It is for these reasons that Matt Gardner—author of the ITEP paper—argued, like Jayapal, that “stopping corporate tax dodging is just as important as a higher tax rate.”
President Biden's corporate tax plan recognizes that raising the corporate tax rate to 28 percent without closing loopholes will allow corporations to continue paying $0 or single-digit effective tax rates. https://t.co/MGdrWYVj3m
— ITEP (@iteptweets) April 12, 2021
The American Jobs Plan, an overwhelmingly popular infrastructure proposal that President Joe Biden introduced two weeks ago, “would stop companies from avoiding taxes on their domestic profits and their offshore profits and work with foreign governments to institute a global minimum tax,” as Gardner explained in an op-ed published earlier this week in Fortune.

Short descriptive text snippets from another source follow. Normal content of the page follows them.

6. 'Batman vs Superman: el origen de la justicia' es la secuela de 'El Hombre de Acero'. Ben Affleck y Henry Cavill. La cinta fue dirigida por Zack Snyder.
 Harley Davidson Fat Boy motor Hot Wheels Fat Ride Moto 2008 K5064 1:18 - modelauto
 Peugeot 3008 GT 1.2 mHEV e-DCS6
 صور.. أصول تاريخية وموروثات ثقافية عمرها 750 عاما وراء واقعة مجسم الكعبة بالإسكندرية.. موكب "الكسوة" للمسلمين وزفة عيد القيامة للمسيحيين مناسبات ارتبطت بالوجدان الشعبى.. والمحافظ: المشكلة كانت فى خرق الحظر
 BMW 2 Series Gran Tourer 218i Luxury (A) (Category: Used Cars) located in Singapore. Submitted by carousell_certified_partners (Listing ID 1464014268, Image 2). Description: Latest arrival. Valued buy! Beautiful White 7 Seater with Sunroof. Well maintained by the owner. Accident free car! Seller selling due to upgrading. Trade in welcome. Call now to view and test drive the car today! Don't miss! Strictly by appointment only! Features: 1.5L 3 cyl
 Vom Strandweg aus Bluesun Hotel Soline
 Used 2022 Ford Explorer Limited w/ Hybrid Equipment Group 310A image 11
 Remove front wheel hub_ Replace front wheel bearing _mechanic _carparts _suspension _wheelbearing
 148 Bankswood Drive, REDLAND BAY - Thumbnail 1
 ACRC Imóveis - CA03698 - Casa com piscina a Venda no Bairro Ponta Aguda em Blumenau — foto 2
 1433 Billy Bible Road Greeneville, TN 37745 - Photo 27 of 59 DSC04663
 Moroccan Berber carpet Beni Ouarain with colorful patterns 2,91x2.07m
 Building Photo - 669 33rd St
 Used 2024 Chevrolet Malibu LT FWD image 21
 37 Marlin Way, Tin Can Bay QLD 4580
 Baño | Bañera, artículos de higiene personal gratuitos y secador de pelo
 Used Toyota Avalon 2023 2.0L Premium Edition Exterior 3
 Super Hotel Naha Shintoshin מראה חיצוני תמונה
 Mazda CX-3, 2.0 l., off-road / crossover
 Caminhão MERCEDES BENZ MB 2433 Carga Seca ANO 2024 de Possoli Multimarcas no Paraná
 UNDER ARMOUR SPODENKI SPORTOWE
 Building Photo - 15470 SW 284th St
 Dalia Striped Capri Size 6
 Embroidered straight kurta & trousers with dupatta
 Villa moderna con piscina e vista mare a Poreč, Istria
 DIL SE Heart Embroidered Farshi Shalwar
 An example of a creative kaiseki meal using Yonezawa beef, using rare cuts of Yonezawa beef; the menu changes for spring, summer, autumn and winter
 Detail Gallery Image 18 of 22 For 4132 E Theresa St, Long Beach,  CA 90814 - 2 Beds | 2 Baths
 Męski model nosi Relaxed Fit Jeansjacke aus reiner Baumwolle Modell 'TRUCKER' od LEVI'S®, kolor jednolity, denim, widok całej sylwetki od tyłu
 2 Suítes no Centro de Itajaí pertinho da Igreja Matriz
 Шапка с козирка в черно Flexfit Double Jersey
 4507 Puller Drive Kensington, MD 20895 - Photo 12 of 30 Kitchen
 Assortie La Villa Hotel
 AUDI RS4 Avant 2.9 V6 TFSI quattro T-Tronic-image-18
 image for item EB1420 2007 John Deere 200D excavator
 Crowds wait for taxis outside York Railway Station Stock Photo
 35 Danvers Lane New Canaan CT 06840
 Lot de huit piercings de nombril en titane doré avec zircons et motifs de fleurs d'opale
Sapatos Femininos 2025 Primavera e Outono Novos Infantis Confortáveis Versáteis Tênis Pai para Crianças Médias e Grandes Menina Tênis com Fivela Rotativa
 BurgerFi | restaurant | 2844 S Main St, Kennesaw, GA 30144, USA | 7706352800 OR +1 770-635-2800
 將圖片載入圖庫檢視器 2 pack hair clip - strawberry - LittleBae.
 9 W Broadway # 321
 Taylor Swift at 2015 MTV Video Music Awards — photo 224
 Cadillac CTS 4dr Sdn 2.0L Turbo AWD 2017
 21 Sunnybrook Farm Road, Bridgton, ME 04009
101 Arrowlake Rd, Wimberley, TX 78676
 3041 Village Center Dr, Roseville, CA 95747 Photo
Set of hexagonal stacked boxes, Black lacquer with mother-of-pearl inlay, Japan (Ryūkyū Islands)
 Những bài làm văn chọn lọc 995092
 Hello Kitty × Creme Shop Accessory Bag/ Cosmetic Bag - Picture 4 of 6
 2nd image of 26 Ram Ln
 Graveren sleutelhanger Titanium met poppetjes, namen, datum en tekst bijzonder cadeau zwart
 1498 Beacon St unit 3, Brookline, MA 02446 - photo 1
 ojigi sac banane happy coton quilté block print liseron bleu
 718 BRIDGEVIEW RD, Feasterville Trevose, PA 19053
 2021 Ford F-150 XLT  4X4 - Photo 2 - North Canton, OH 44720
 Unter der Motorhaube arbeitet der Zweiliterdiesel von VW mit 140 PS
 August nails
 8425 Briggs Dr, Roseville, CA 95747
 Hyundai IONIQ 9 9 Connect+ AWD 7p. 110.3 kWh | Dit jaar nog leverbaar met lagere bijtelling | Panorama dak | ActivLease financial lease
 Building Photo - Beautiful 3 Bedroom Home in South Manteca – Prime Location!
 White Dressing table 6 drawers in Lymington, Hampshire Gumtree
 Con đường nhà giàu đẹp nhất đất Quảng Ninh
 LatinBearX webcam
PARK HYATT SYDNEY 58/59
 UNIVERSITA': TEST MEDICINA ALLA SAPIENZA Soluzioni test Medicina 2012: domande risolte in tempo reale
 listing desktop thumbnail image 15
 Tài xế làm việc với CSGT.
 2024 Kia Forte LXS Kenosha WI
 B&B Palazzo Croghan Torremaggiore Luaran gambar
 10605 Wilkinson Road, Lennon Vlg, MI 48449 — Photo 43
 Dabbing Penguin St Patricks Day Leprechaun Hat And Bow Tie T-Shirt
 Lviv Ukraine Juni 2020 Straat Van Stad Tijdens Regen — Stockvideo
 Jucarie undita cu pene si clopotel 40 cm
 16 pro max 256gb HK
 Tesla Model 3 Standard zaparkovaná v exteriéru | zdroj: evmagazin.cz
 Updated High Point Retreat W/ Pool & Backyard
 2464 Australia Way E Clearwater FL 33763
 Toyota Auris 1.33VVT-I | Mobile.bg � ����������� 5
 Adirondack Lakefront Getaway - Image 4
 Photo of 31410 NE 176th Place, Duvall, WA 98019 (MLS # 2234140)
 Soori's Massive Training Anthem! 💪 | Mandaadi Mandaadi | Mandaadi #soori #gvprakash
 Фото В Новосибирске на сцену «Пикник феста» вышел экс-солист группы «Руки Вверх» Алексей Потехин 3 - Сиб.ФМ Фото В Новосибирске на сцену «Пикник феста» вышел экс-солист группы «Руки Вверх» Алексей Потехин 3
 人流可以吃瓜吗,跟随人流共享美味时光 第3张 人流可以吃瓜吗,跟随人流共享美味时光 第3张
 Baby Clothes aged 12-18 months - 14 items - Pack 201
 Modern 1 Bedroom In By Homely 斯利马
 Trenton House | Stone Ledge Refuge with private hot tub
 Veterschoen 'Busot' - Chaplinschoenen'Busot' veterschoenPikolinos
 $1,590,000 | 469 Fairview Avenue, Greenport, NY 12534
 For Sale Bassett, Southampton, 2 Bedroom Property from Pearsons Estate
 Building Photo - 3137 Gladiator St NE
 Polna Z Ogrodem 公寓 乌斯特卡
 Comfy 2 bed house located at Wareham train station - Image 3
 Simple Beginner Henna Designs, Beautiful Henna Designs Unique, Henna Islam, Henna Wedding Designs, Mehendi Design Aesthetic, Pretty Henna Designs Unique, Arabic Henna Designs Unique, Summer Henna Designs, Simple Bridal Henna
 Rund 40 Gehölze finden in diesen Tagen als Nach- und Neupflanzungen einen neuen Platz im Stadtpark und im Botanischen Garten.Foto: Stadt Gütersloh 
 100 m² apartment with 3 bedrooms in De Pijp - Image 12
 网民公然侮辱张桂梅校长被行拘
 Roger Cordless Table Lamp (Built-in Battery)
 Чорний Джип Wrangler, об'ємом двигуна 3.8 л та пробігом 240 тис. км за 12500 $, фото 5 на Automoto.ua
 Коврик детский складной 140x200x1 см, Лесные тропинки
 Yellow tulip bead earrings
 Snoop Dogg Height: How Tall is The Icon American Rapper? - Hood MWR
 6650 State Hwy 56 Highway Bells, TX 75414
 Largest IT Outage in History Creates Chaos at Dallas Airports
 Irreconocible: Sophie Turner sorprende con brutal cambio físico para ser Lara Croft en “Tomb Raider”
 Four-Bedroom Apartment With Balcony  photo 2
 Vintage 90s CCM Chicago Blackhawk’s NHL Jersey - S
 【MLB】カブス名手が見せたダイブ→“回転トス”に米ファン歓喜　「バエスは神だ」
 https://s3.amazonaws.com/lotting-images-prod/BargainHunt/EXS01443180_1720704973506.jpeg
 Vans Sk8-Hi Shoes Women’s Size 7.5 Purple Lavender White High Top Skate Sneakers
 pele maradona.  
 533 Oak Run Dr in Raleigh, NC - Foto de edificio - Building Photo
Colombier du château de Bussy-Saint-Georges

While “the president’s call to increase the statutory rate from 21% to 28% for domestic corporate profits will receive most of the attention,” Gardner wrote, “his plan for ending offshore tax avoidance is equally important.”
In addition, Biden’s fiscal year 2022 budget proposes a 10.4% increase in IRS funding, “with most of the additional money tabbed for enforcement,” as Politico noted. “Rettig admitted the IRS is currently ‘outgunned’ in trying to keep pace with all the tax avoidance and cheating, and he endorsed the idea of mandatory funding for the agency.”
Gardner applauded “the administration’s goal of undoing a decade of budget cuts to the IRS so that it can enforce the tax laws that big, profitable companies easily skirt right now.”
“The ease with which the biggest corporations are able to get around the law,” he wrote, “is a potent signal to the many Americans who distrust our government that the rules are written for the benefit of the best-off.”